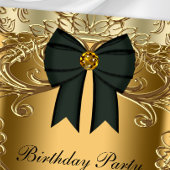 Elégante Black and Gold Anniversaire Invitations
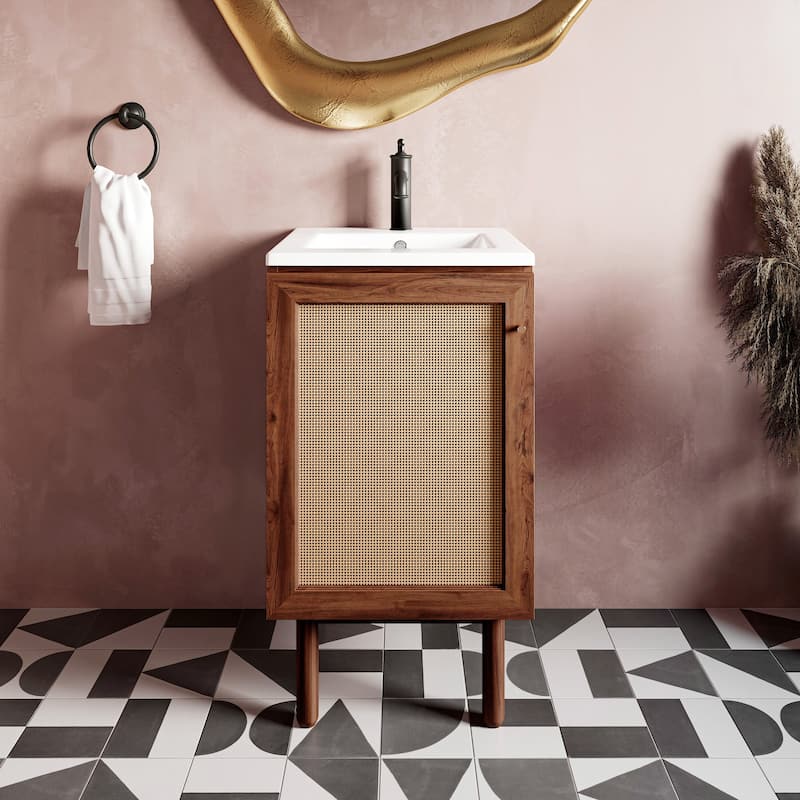 Classe Bathroom Vanity in Oak - 18 - Walnut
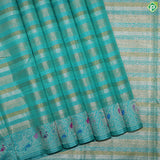 Rama Green Gold And Silver Zari With Meena Work Border Traditional Silk Saree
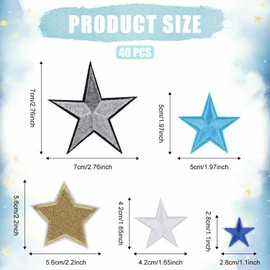 40pcs Star Iron on Patches, Colorful Embroidered Patches Appliques Star Applique Patches Five Pointed Star Patches Sew on Decorations for DIY Crafts Jeans Bags Hats Clothing Repairing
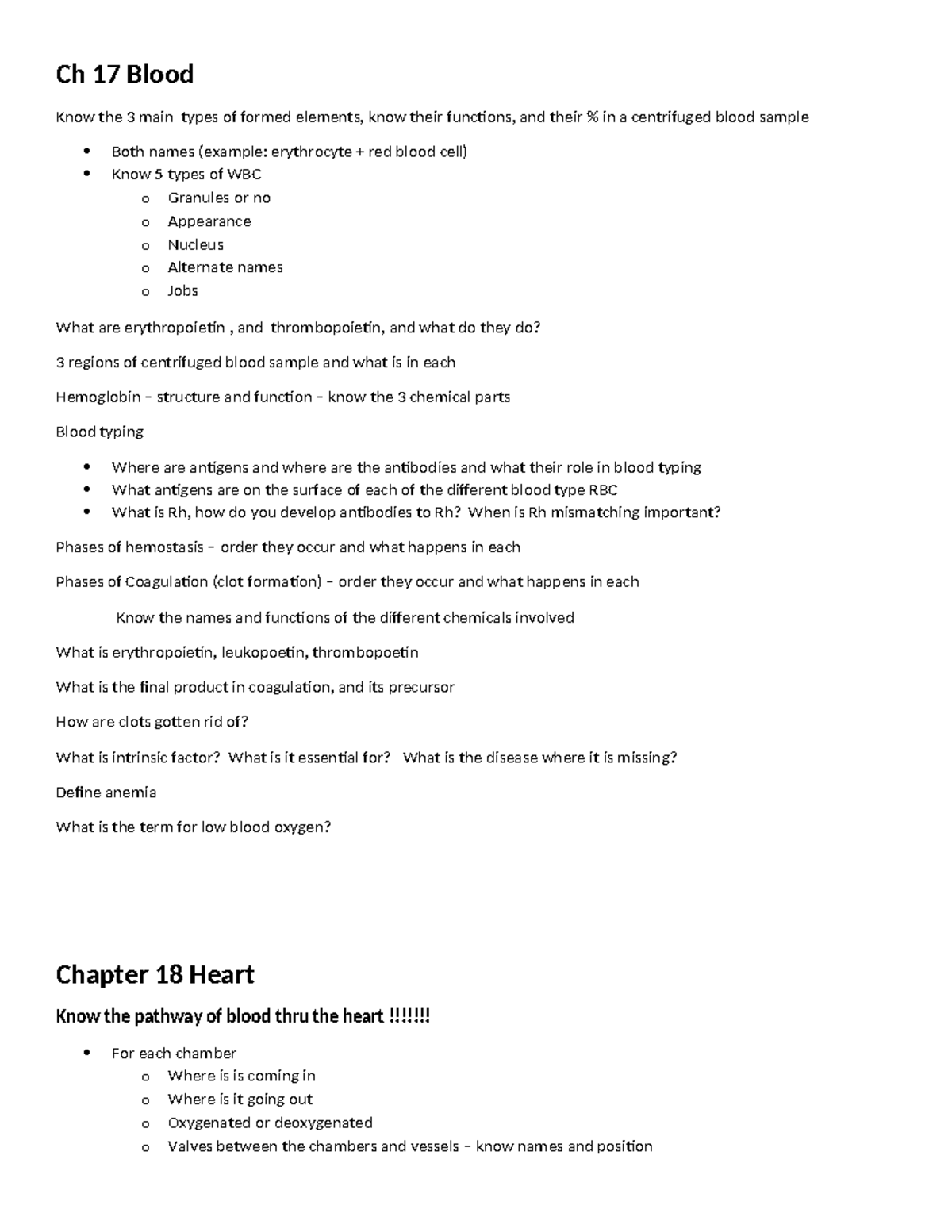 AP 2 Exam 1 Study Guide: Blood, Heart, and Blood Vessels Overview - Studocu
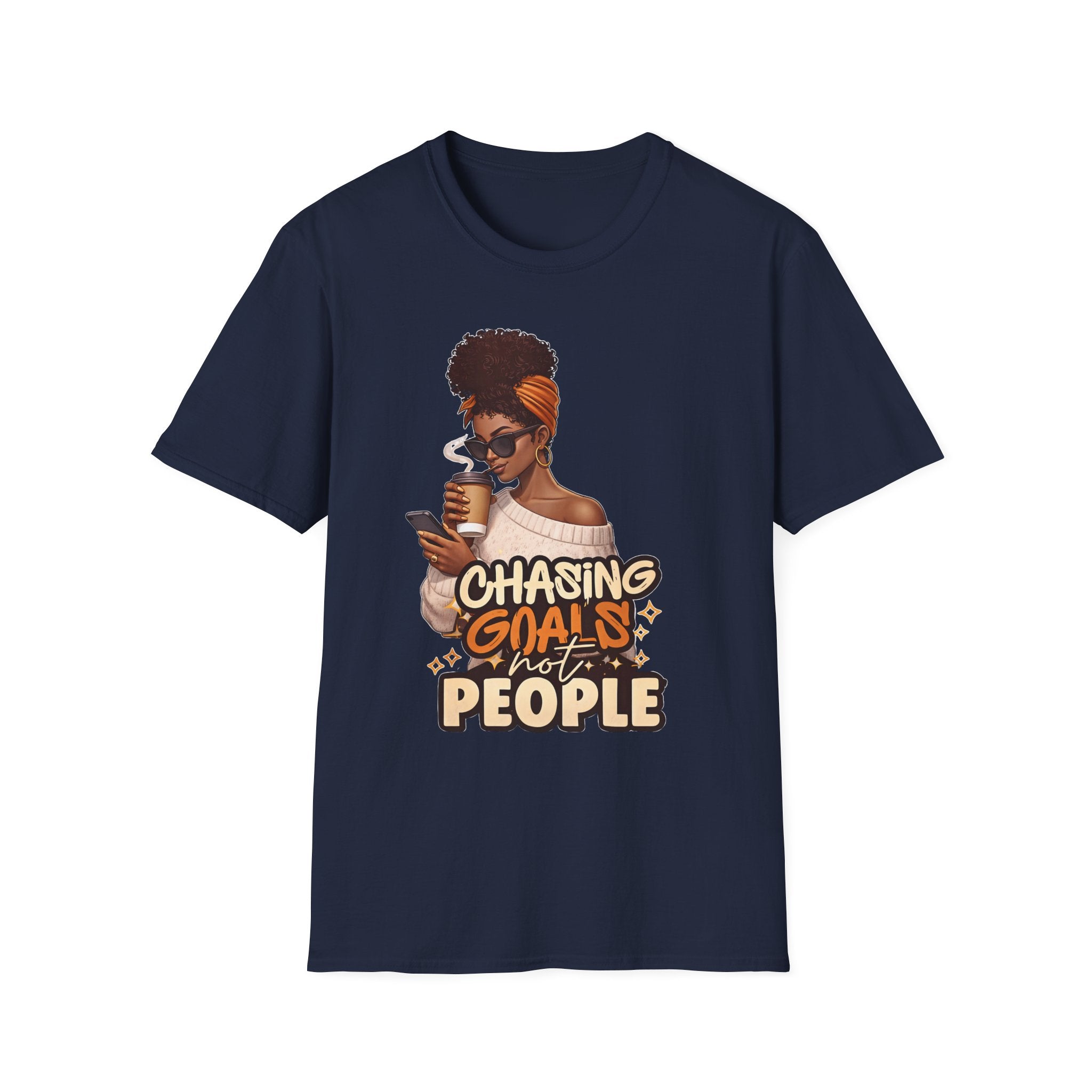 Chasing Goals Not People T-Shirt — Motivational Afro Woman Graphic Tee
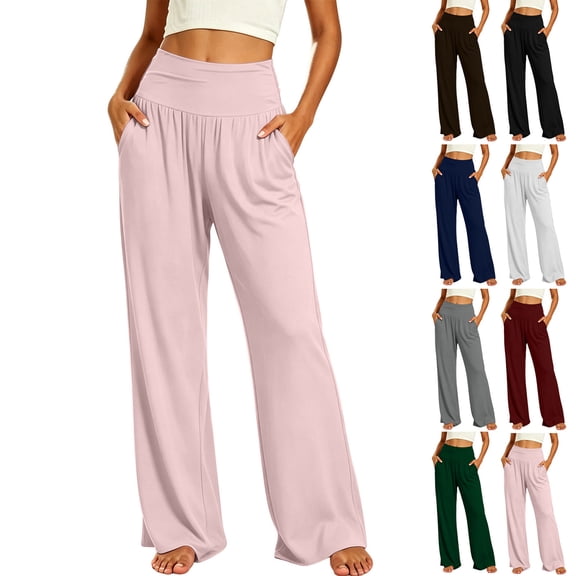 Jovrlynd Yoga Pants Women Wide Leg High Waisted Soft Stretch Workout Pants with Pockets Full Length Lounge Pants, S-3XL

> _What to produce_
Drop the pictures, then write out only the lines running from the one containing "Rama Green Gold" through the last line above, both included, exactly.

> _Result of this task_
 Rama Green Gold And Silver Zari With Meena Work Border Traditional Silk Saree
 40pcs Star Iron on Patches, Colorful Embroidered Patches Appliques Star Applique Patches Five Pointed Star Patches Sew on Decorations for DIY Crafts Jeans Bags Hats Clothing Repairing
 AP 2 Exam 1 Study Guide: Blood, Heart, and Blood Vessels Overview - Studocu
 Chasing Goals Not People T-Shirt — Motivational Afro Woman Graphic Tee
 Jovrlynd Yoga Pants Women Wide Leg High Waisted Soft Stretch Workout Pants with Pockets Full Length Lounge Pants, S-3XL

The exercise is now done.